What is required
Omit all pictures. Reproduce exactly the lines from the first line of the records below through the line with "Guide to Business".

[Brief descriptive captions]
:::::
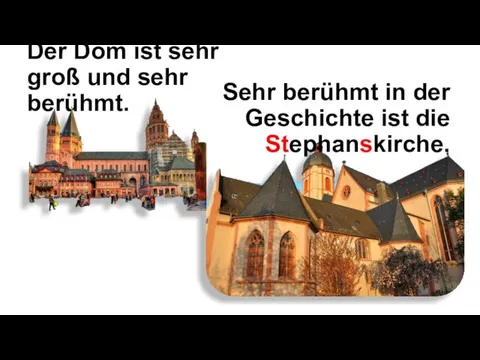 Der Dom ist sehr groß und sehr berühmt. Sehr berühmt in der Geschichte ist die Stephanskirche.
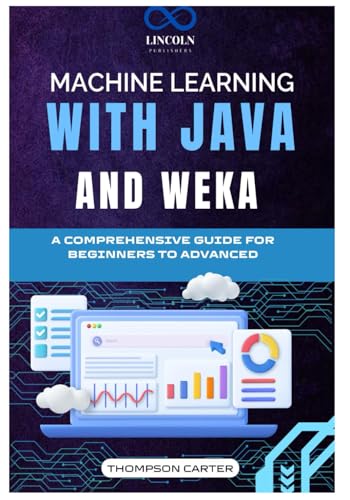 Machine Learning with Java and Weka: A Comprehensive Guide for Beginners to Advanced Machine Learning with Java and Weka: A Comprehensive Guide for Beginners to Advanced von Independently published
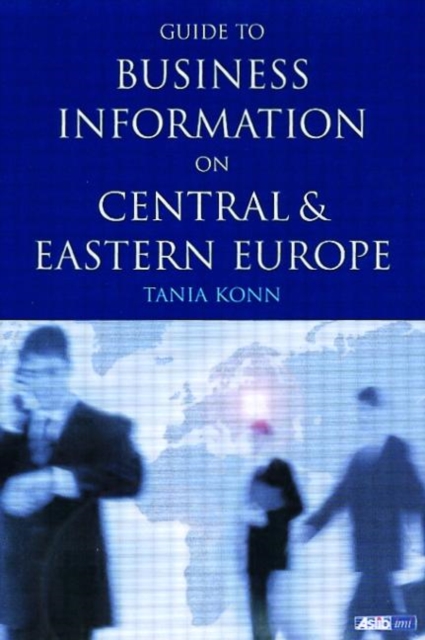 Guide to Business Information on Central and Eastern Europe, Paperback / softback Book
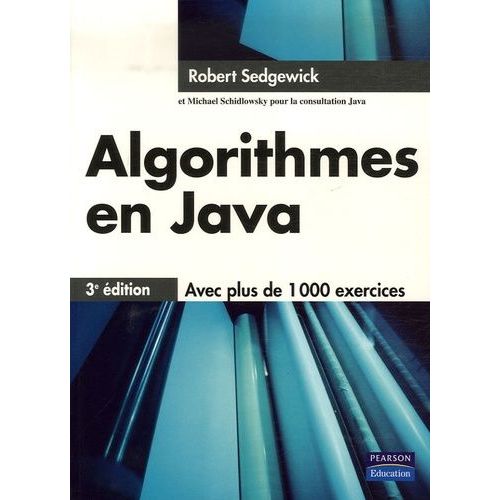 Algorithmes En Java - Concepts Fondamentaux, Structures De Donnes, Tri Et Recherche   de Sedgewick Robert  Format Beau livre 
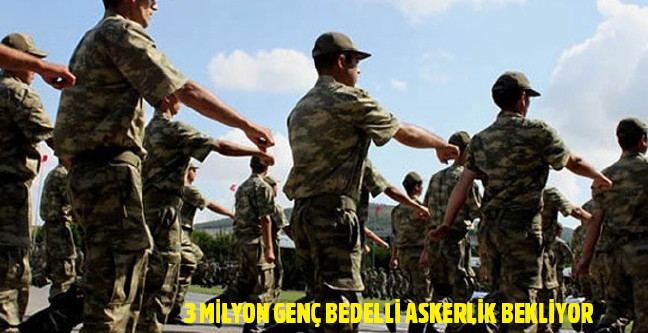 18-04/18/3-milyon-genc-bedelli-askerlik-bekliyor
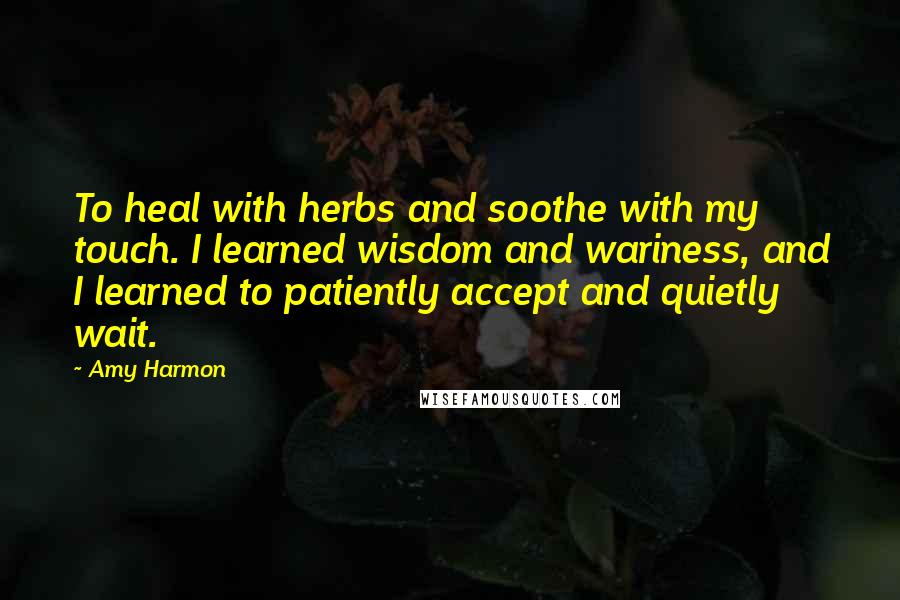 Amy Harmon Quotes: To heal with herbs and soothe with my touch. I learned wisdom and wariness, and I learned to patiently accept and quietly wait.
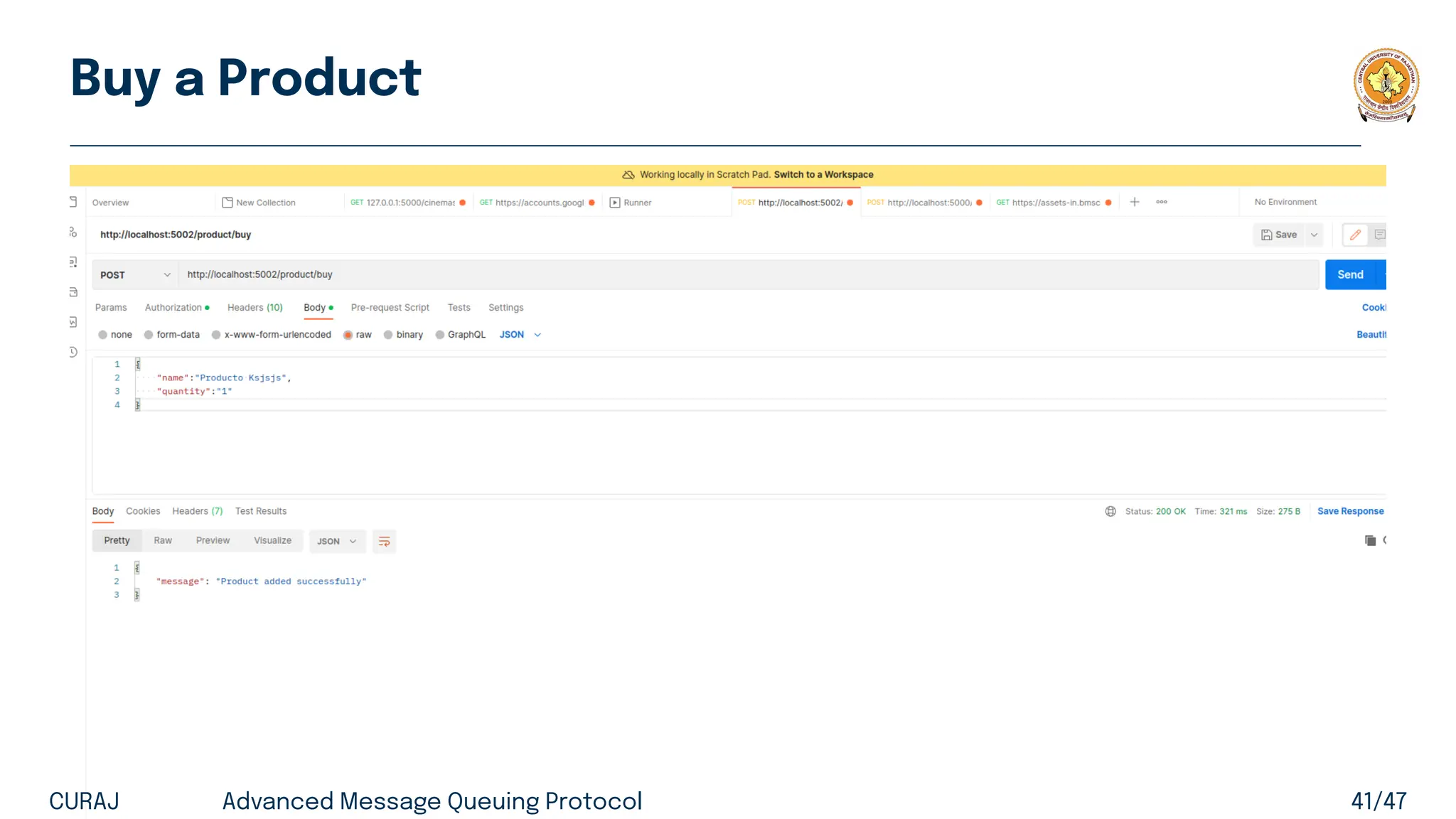 Buy a Product
CURAJ Advanced Message Queuing Protocol 41/47
 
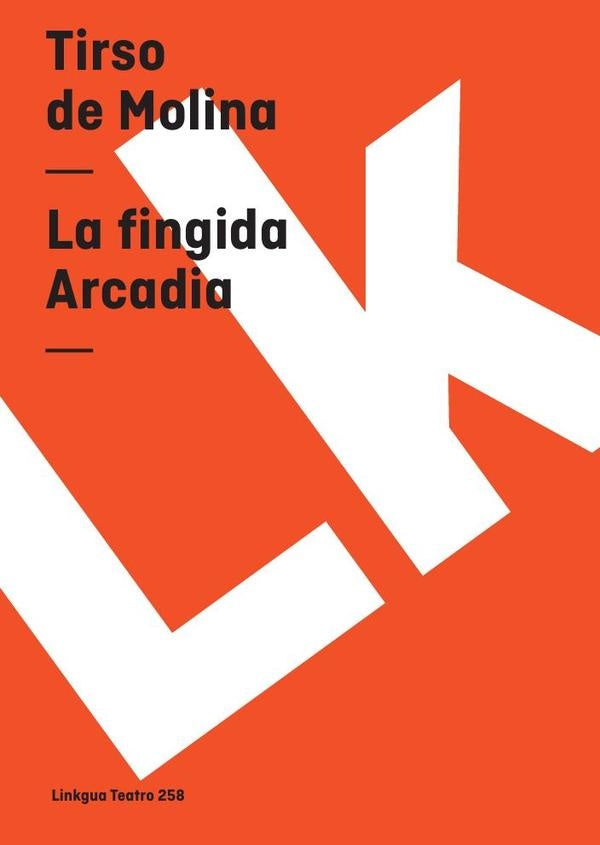 La fingida Arcadia | TIRSO DE MOLINA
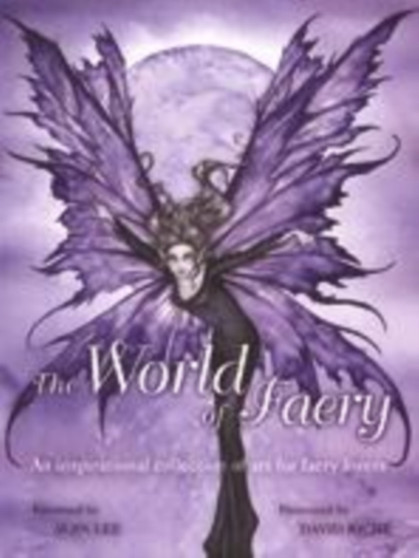 The World Of Faery : Art And Inspiration From The Secret Realm by David Richie - Hardback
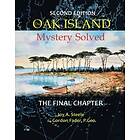Joy A Steele, Gordon Fader: Oak Island Mystery: Solved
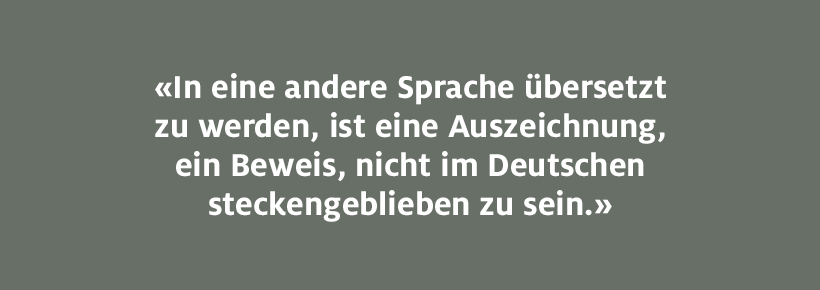 In eine andere Sprache übersetzt zu werden, ist eine Auszeichnung, ein Beweis, nicht im Deutschen steckengeblieben zu sein.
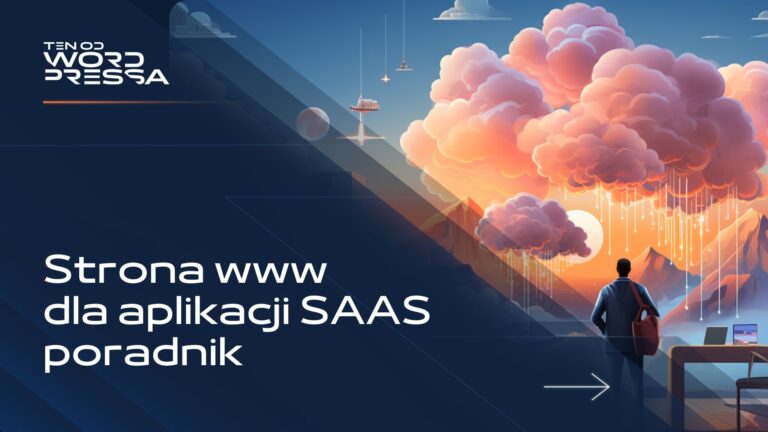 Strona www do promowania aplikacji SAAS – co powinna zawierać?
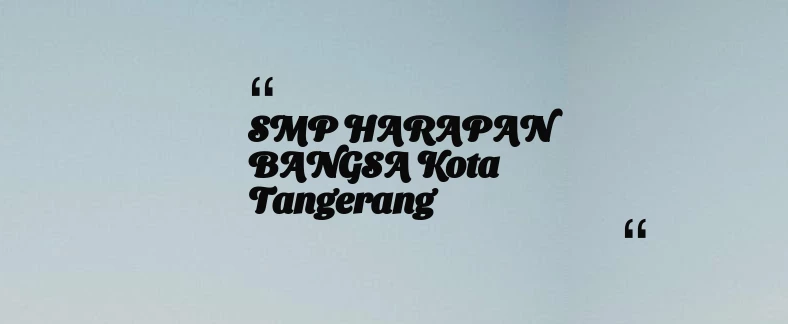 thumbnail for SMP HARAPAN BANGSA Kota Tangerang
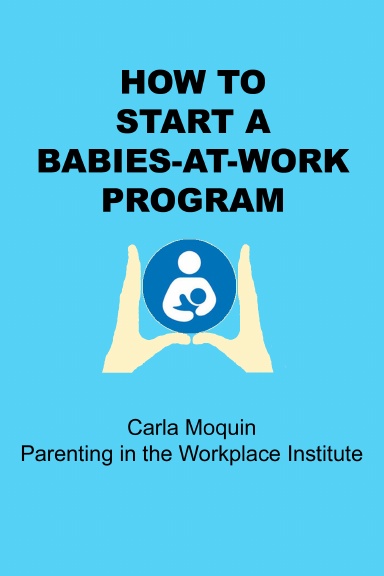 How to Start a Babies-at-Work Program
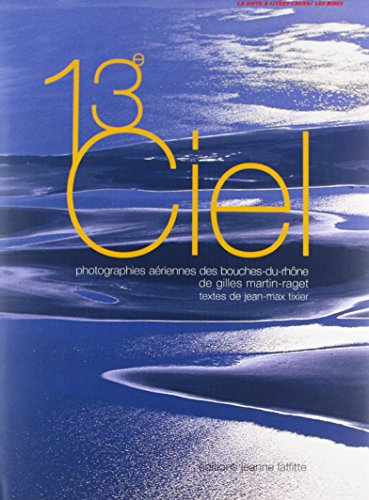 13e Ciel - Photographies aériennes des Bouches-du-Rhône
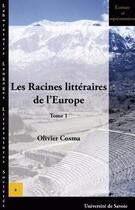 Couverture du livre « Les racines littéraires de l'Europe t.1 » de Olivier Cosma aux éditions Universite De Savoie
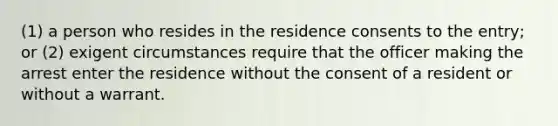 (1) a person who resides in the residence consents to the entry; or (2) exigent circumstances require that the officer making the arrest enter the residence without the consent of a resident or without a warrant.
:::::
Answer to this problem
 Der Dom ist sehr groß und sehr berühmt. Sehr berühmt in der Geschichte ist die Stephanskirche.
 Machine Learning with Java and Weka: A Comprehensive Guide for Beginners to Advanced Machine Learning with Java and Weka: A Comprehensive Guide for Beginners to Advanced von Independently published
 Guide to Business Information on Central and Eastern Europe, Paperback / softback Book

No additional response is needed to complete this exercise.